Enfrentar o dia a dia de maneira inteligente, total, requer que ao se acordar, se esteja com a mente fresca, pura, inocente, sem o ranço psicológico do dia anterior e de todo o passado. Os desafios que a vida nos oferece, precisam ser enfrentados com a mente tranqüila, esvaziada dos acontecimentos anteriores. A lembrança “do que foi”, impede a compreensão “do que é”. Enfrentar “o que é” com a memória “do que foi” é ficar estagnado para a beleza da vida, para a beleza dos desafios, para a beleza da dinâmica do viver. É necessário uma mente criativa, limpa, livre do peso do passado, para que possamos resolver os problemas do dia a dia. Usar a memória do passado para enfrentar o presente, é usar o velho para enfrentar o novo.

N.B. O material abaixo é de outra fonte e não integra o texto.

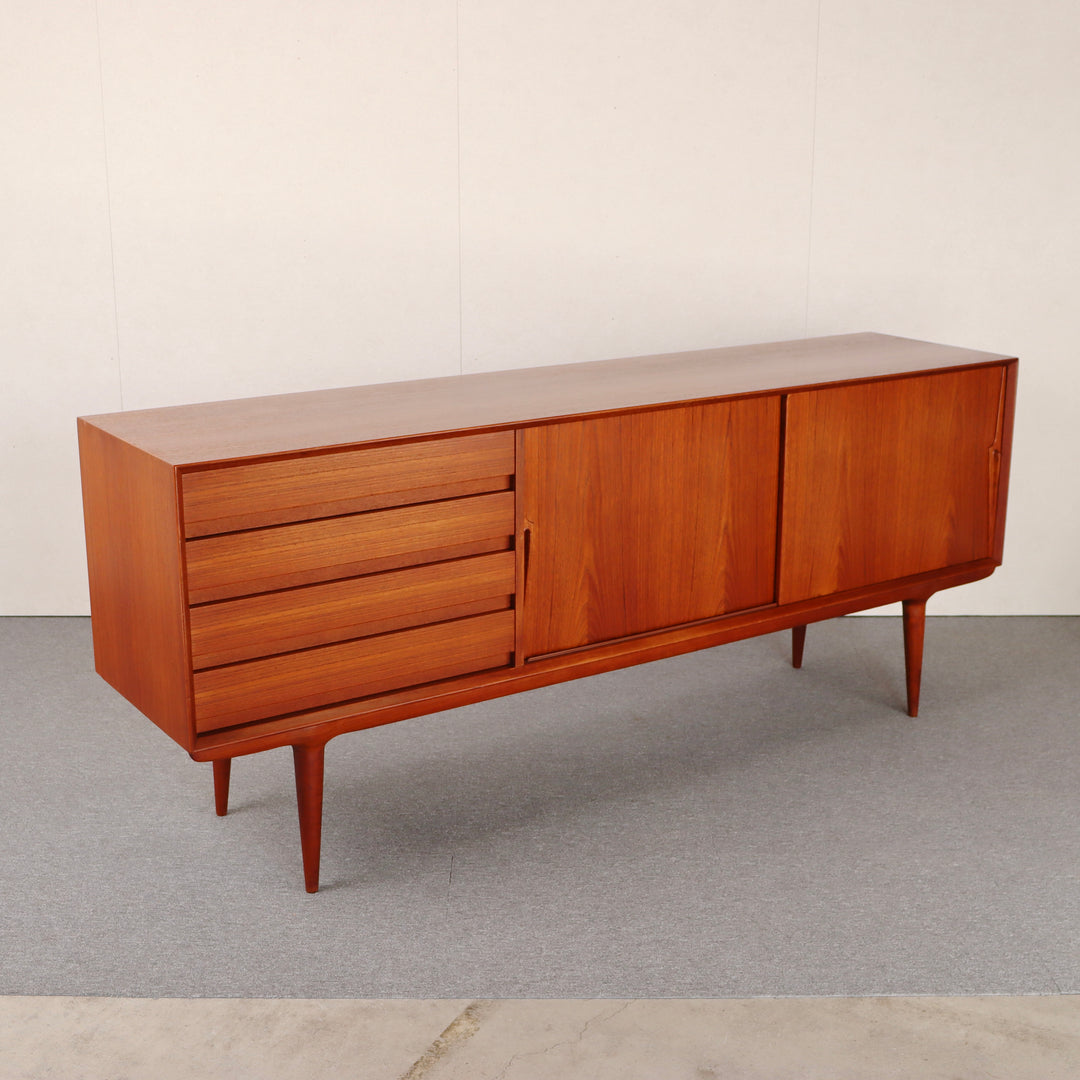 Omann Jun Model18 サイドボード | ItemCode-JORD61 | 送料込 |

É assim, que vou enfrentando minha
corrida matinal, usando toda a experiência e memória no que concerne à técnica
do correr, mas olhando as árvores, o céu, os pássaros, os colegas de corrida,
com a mente limpa, sem a influência do passado, e isso me proporciona uma sensação
plena de vida, pois cada encontro com a natureza, com o ser vivo, é uma emoção
nova, não é moldada pelas experiências do passado. Cada árvore que
vejo, é como se a visse pela primeira vez. Sua beleza não se ofuscou. Ela me
emociona. Eu a abraço. Feliz de quem não se acostuma com a beleza das
coisas. Mas só quem não guarda na memória essas emoções passadas, tem a
mente livre para estar sempre sensível à harmonia e beleza do Universo.